In the example, the encoder further comprises a further coder which generates enhancement data for the audio signal relative to the first representation of the audio signal made up by the first and second bit-stream components. In particular, the AAC-BSAC coder 303 and the AAC coder 305 are coupled to an SLS coder 309 which determines a residual or error signal, i.e. the difference between the original audio signal and the combined output signals of the AAC/BSAC coder 303 and the AAC coder 309. The residual signal is then lossless coded by means of an SLS algorithm. Thus, a fourth bit-stream component is generated which provides an additional layer of scalability.
It will be appreciated that in some examples, a similar approach may be used to generate further enhancement data for the second audio signal representation made up by the first bit-stream component and the third bit-stream component.
The AAC-BSAC coder 303, the AAC coder 305, the SBR parametric coder 307 and the SLS coder 309 are all coupled to an output generator 311 which generates a combined bit-stream including the first, second, third and fourth bit-streams.
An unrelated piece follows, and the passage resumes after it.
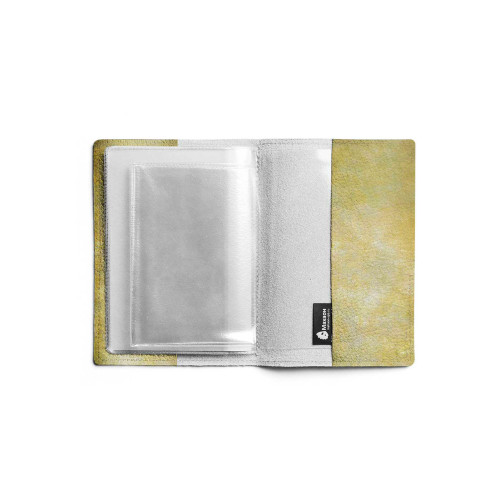 Обложка для паспорта, PAS1 «Охотники на Привале»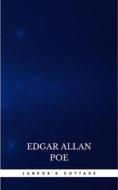 Ebook Landor's Cottage di Edgar Allan Poe edito da Publisher s24148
Thus, a scalable encoded audio signal comprising alternative representations of the audio signal may be achieved. As illustrated in Fig. 4, the AAC waveform bit-stream component (i.e. the HF part of the audio signal as encoded by the AAC encoder 305) can be substituted for the SBR bit-stream component. Thus, both the second and third bit-stream components have been derived based on the same core coder. There is flexibility in choosing either of the two bit-streams by a decoder depending on e.g. the bit-rate versus quality trade-off. The AAC/BSAC waveform bit-stream component (the first bit-stream component) represents the low frequency part of the audio signal as encoded by the AAC/BSAC encoder 303. In some exampless, the low frequency part of the audio signal may be coded by an AAC coder (replacing the AAC/BSAC coder 303 of Fig. 3).
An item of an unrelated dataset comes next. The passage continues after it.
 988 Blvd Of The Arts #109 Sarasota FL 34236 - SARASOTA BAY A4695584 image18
The combination of the AAC/BSAC waveform bit-stream component and the AAC waveform bit-stream component form a first high quality representation of the input audio signal. The combination of the AAC/BSAC waveform bit-stream component and the SBR bit-stream component form a second lower quality representation of the input audio signal (but at reduced bitrate).
Fig. 5 illustrates an example of an encoder in accordance with some embodiments of the invention. In this example, a stereo audio signal is encoded.
The encoder comprises a parametric stereo coder 501, which generates parametric stereo data. The parametric stereo coder 501 is coupled to a mono AAC/BSAC coder 503 which generates a mono AAC/BSAC lossy representation of the stereo signal. The parametric stereo coder 501 generates enhancement data allowing a stereo signal to be generated from this signal.
Parametric stereo is an encoding technique which aims at transmitting, along with a mono signal acting as a support, a parametric description of the stereo sound fields. This parametric set of parameters typically uses only a few kbps and stereo may be enabled at rates down to 16 kbps. Parametric stereo has been successfully applied to different techniques including MPEG-4 SSC and AAC+SBR (MPEG-4 High Efficiency AAC v2).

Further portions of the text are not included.